= Data for processing =

★ ★ ★ ★ ★ ★ ★

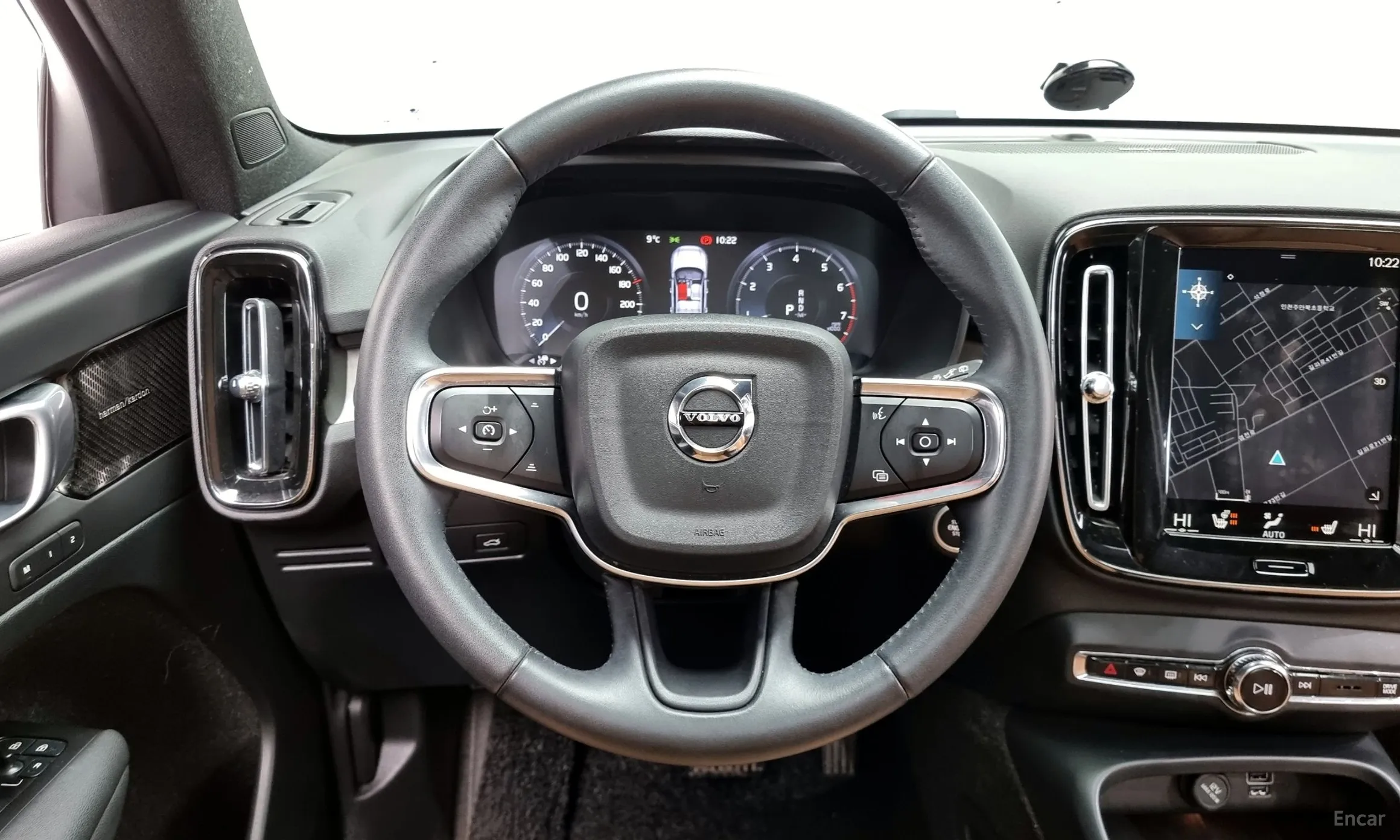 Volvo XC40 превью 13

★ ★ ★ ★ ★ ★ ★

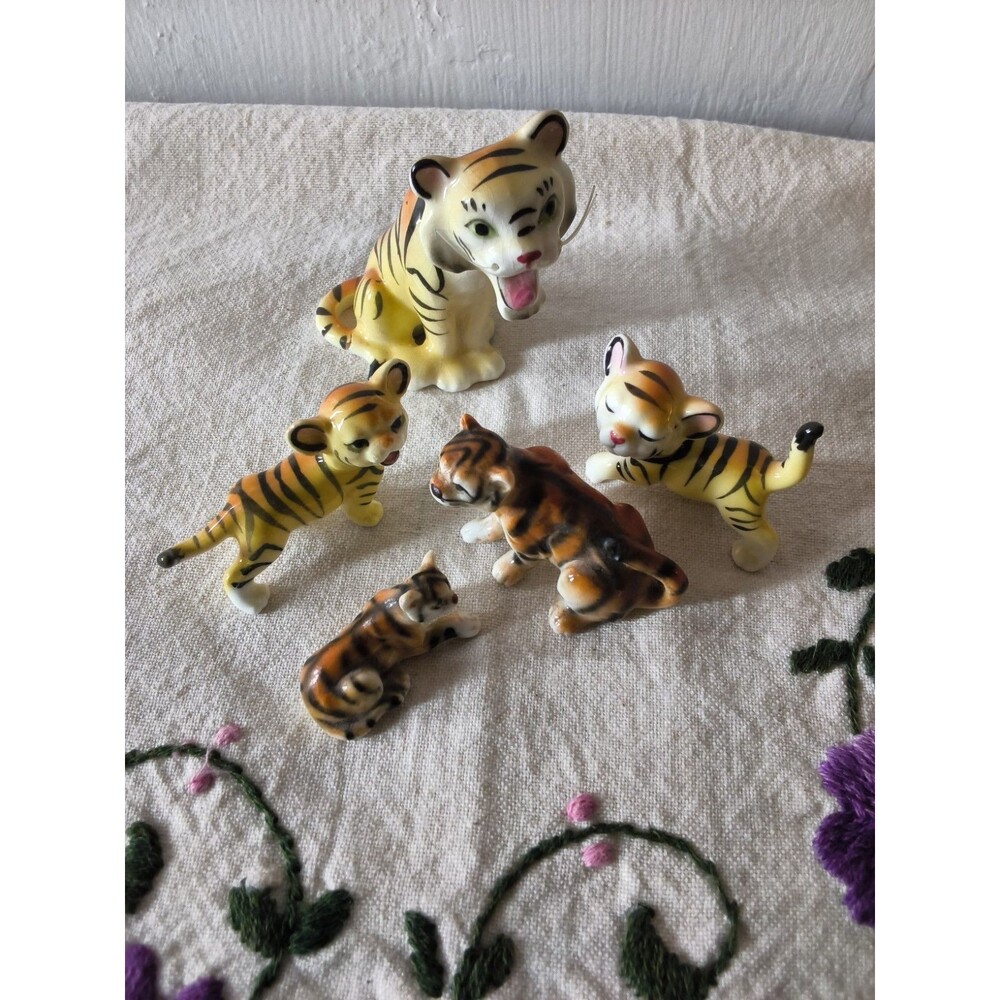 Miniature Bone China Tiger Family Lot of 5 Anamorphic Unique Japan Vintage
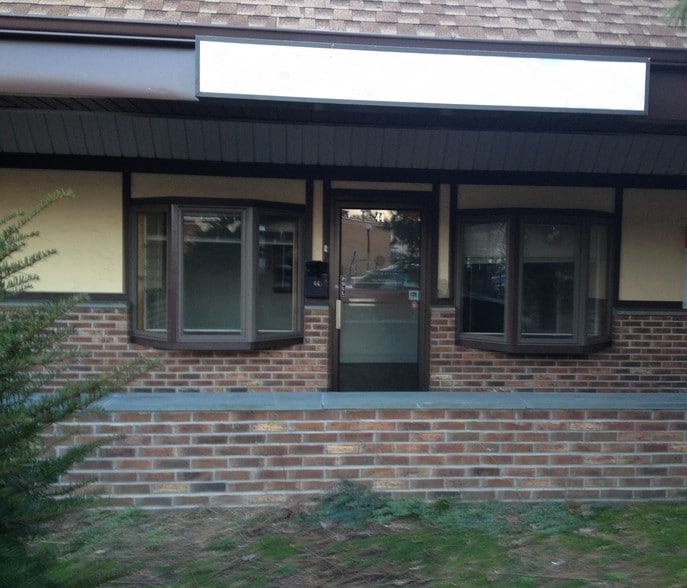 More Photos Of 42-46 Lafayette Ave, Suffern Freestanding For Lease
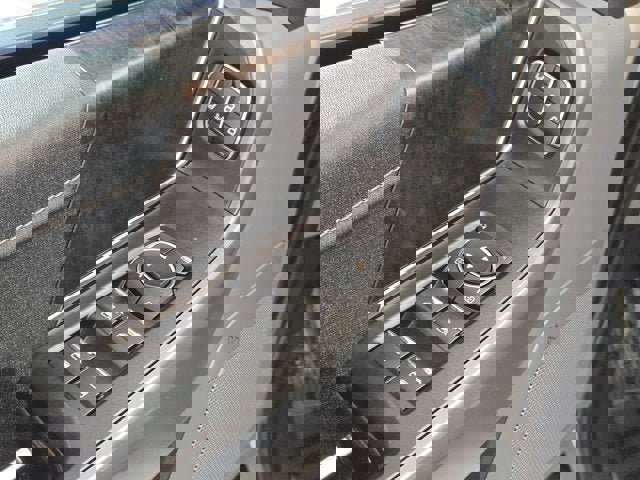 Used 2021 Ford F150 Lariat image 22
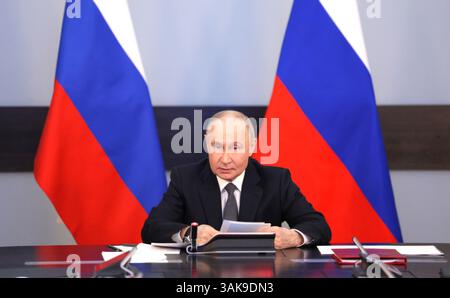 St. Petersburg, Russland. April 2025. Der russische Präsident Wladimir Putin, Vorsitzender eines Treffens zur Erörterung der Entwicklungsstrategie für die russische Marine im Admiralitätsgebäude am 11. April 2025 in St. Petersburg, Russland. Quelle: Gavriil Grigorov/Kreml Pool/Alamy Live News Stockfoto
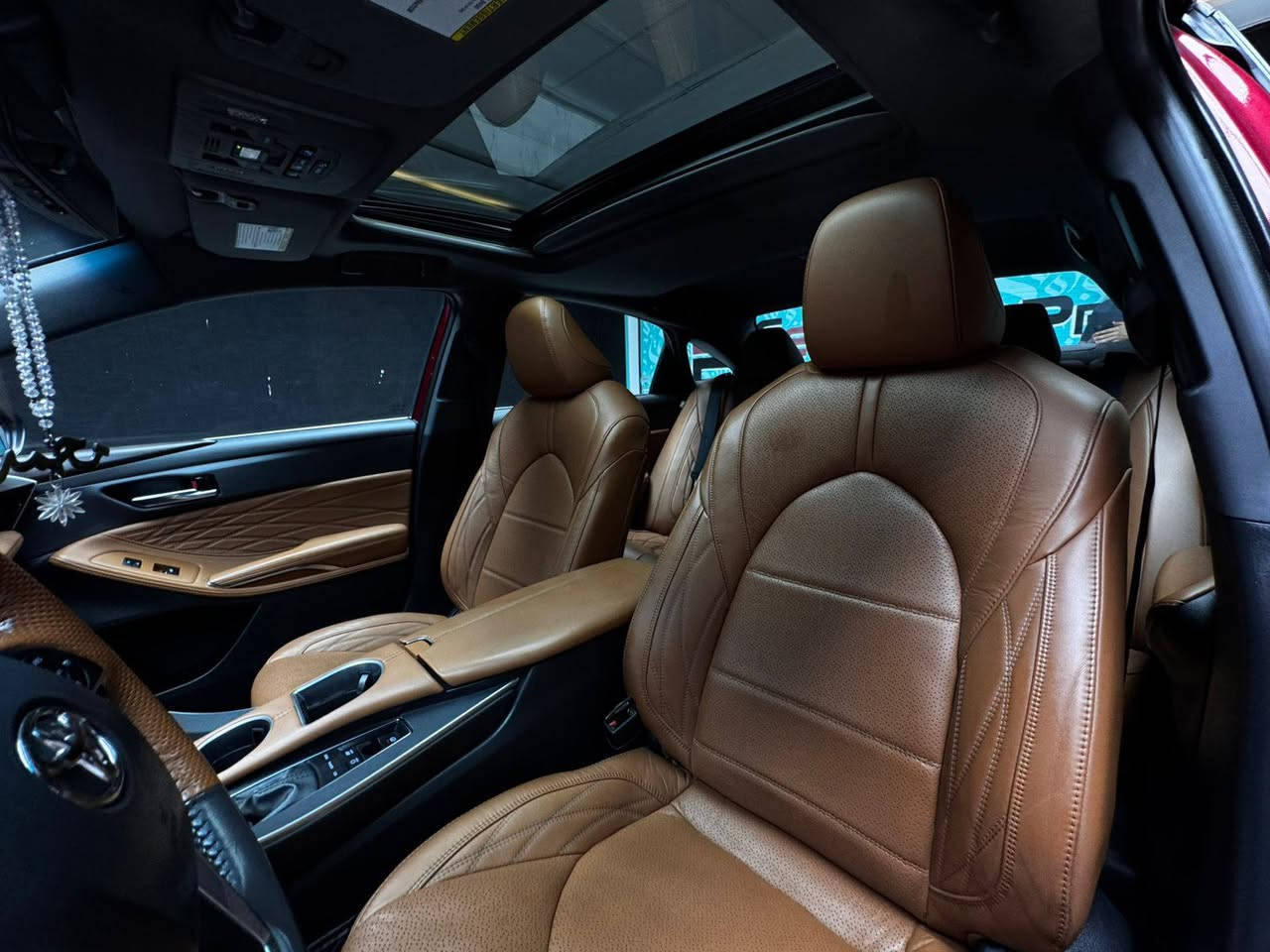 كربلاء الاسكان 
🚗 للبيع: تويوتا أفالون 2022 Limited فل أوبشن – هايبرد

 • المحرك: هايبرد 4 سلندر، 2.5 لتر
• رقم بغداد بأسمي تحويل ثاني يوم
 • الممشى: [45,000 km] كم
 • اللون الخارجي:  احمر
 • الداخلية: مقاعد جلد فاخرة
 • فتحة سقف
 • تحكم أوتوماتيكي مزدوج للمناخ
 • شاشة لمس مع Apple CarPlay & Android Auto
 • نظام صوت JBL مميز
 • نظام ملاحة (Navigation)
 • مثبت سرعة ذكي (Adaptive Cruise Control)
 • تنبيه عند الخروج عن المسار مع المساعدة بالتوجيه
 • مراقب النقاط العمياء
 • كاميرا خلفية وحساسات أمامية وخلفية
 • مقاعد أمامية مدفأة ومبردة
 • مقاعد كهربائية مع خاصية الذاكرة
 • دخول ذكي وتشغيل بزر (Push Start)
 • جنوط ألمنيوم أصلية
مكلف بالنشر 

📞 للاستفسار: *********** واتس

★ ★ ★ ★ ★ ★ ★

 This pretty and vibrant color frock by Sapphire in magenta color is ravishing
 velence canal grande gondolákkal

★ ★ ★ ★ ★ ★ ★

= Exercise brief =
Which lines of the records above contain the word "أمامية"? Copy each of them.

= Result of the task =
 • كاميرا خلفية وحساسات أمامية وخلفية
 • مقاعد أمامية مدفأة ومبردة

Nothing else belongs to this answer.